The full listing, written out exactly and without images, is the expected result.

◆ GIVEN MATERIAL
-- Opening Marker --

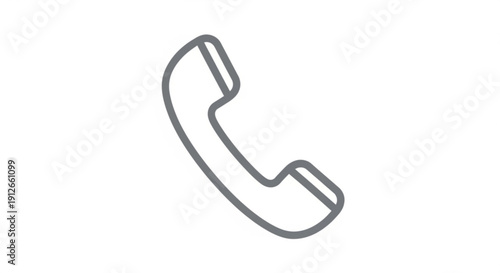 Gray telephone receiver icon on white background for communication and contact purposes
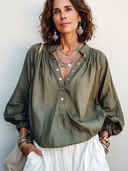 Women's Retro Army Green Cotton Pleated Button Collar Long-Sleeved Top ZMZ1413H1SWL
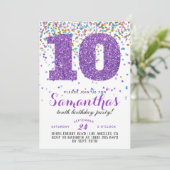 10. Geburtstag Confetti Einladung (Stehend Vorderseite)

-- Closing Marker --

◆ RESULT OF THIS EXERCISE
 Gray telephone receiver icon on white background for communication and contact purposes
 Women's Retro Army Green Cotton Pleated Button Collar Long-Sleeved Top ZMZ1413H1SWL
 10. Geburtstag Confetti Einladung (Stehend Vorderseite)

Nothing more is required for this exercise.